▶ WHAT YOU NEED TO DO
Starting at the line that contains "Best-Lock Construction Toys", transcribe each line exactly through the end of the data below, and skip any pictures.

Top of THE DATA

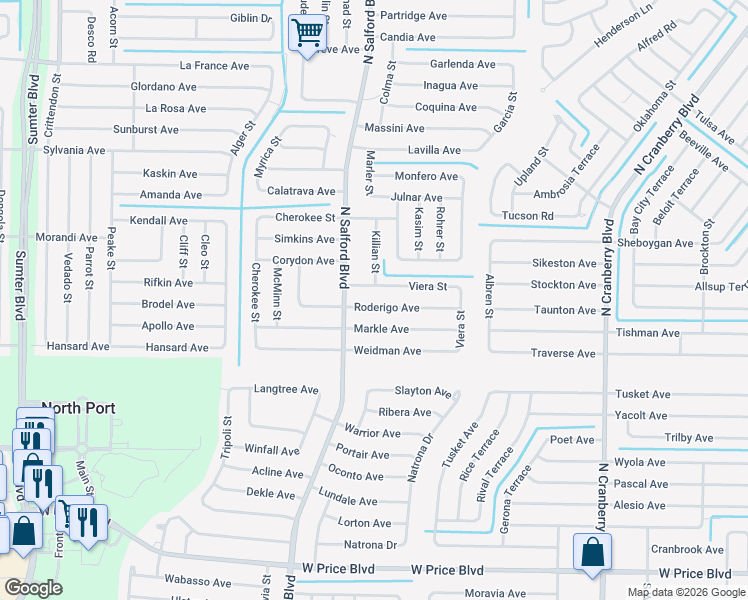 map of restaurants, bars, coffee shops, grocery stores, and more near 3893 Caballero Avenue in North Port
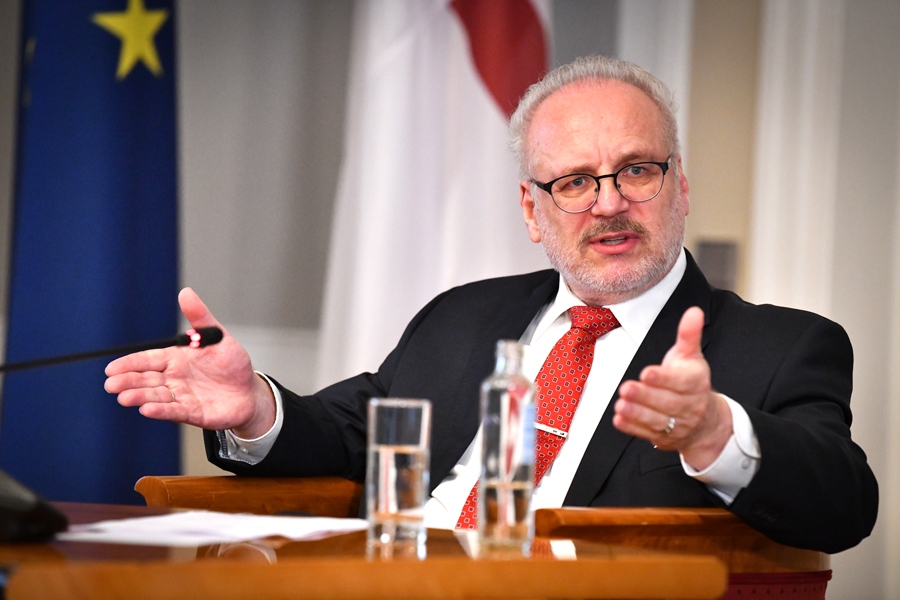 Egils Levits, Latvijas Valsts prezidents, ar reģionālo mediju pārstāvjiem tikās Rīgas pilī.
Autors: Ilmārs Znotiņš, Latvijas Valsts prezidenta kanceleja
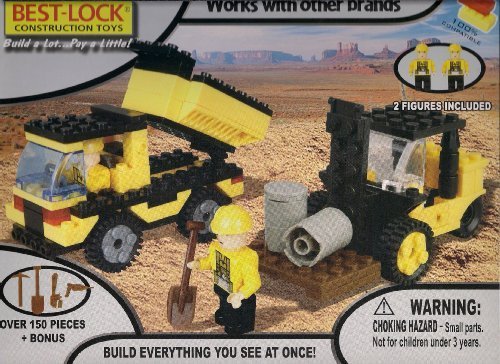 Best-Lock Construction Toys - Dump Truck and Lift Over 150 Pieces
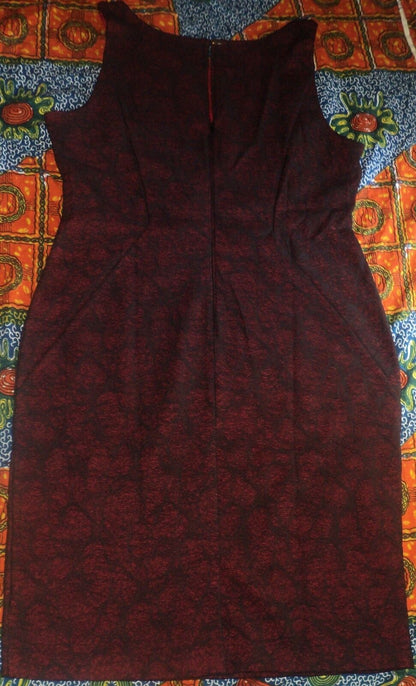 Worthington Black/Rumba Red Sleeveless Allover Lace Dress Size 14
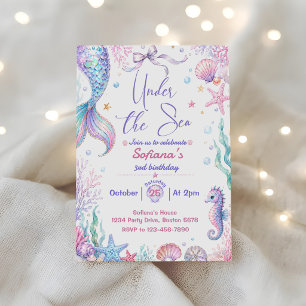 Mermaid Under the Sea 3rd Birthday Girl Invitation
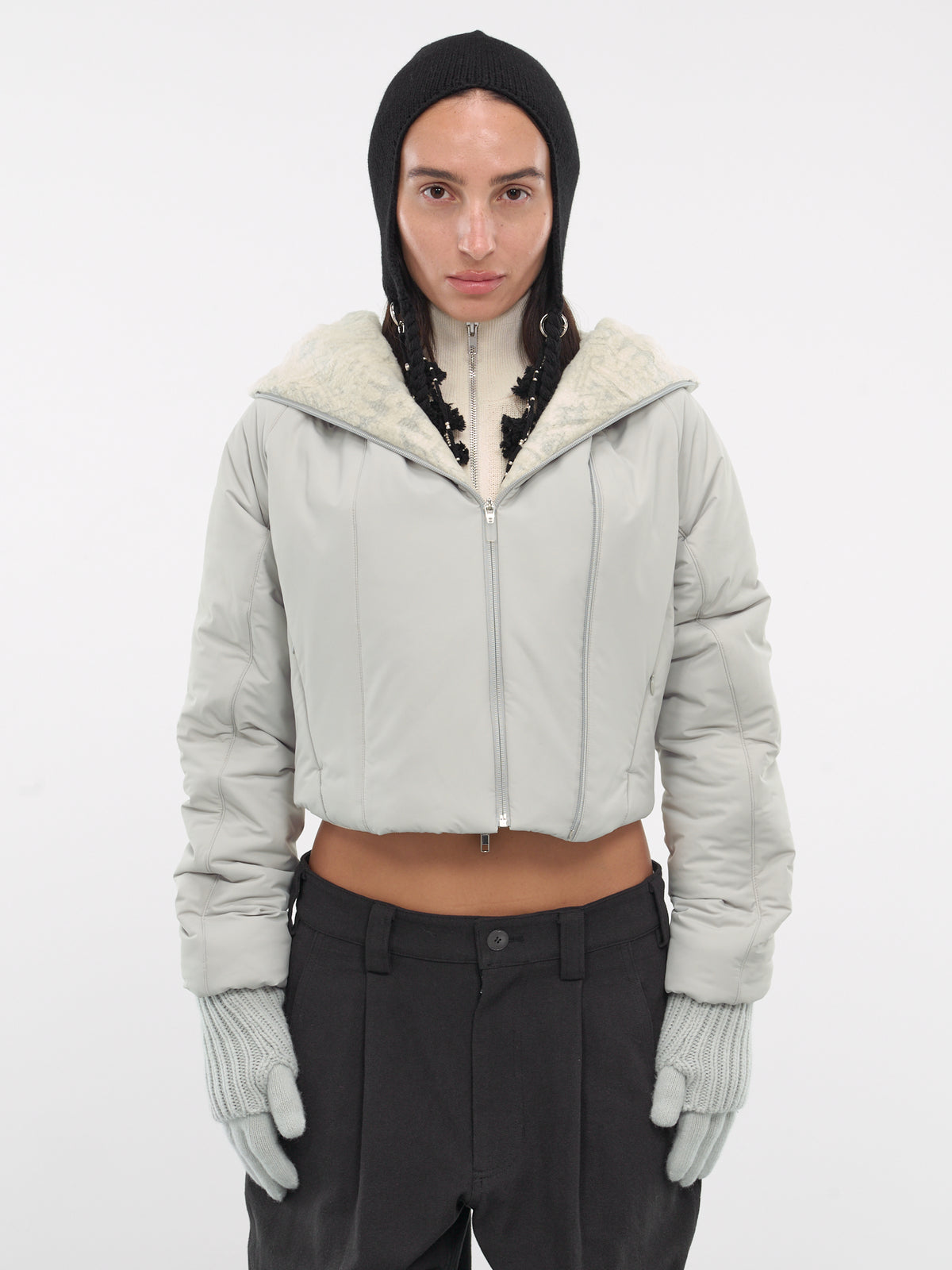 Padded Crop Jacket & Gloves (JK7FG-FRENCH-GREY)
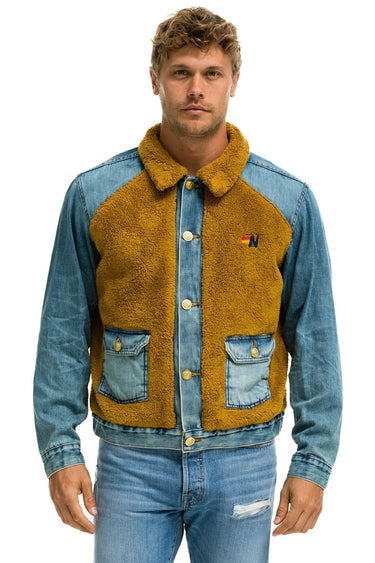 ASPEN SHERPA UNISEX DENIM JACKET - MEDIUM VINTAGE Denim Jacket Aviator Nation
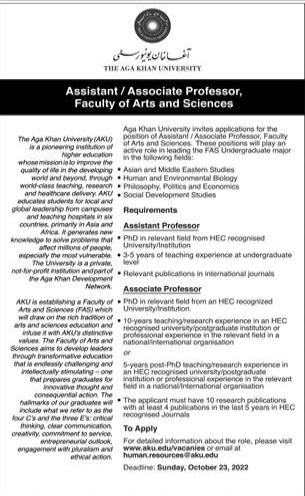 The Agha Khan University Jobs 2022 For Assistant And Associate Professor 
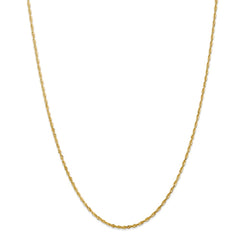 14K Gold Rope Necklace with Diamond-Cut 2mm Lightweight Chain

Bottom of THE DATA

▶ ANSWER SPACE
 Best-Lock Construction Toys - Dump Truck and Lift Over 150 Pieces
 Worthington Black/Rumba Red Sleeveless Allover Lace Dress Size 14
 Mermaid Under the Sea 3rd Birthday Girl Invitation
 Padded Crop Jacket & Gloves (JK7FG-FRENCH-GREY)
 ASPEN SHERPA UNISEX DENIM JACKET - MEDIUM VINTAGE Denim Jacket Aviator Nation
 The Agha Khan University Jobs 2022 For Assistant And Associate Professor 
 14K Gold Rope Necklace with Diamond-Cut 2mm Lightweight Chain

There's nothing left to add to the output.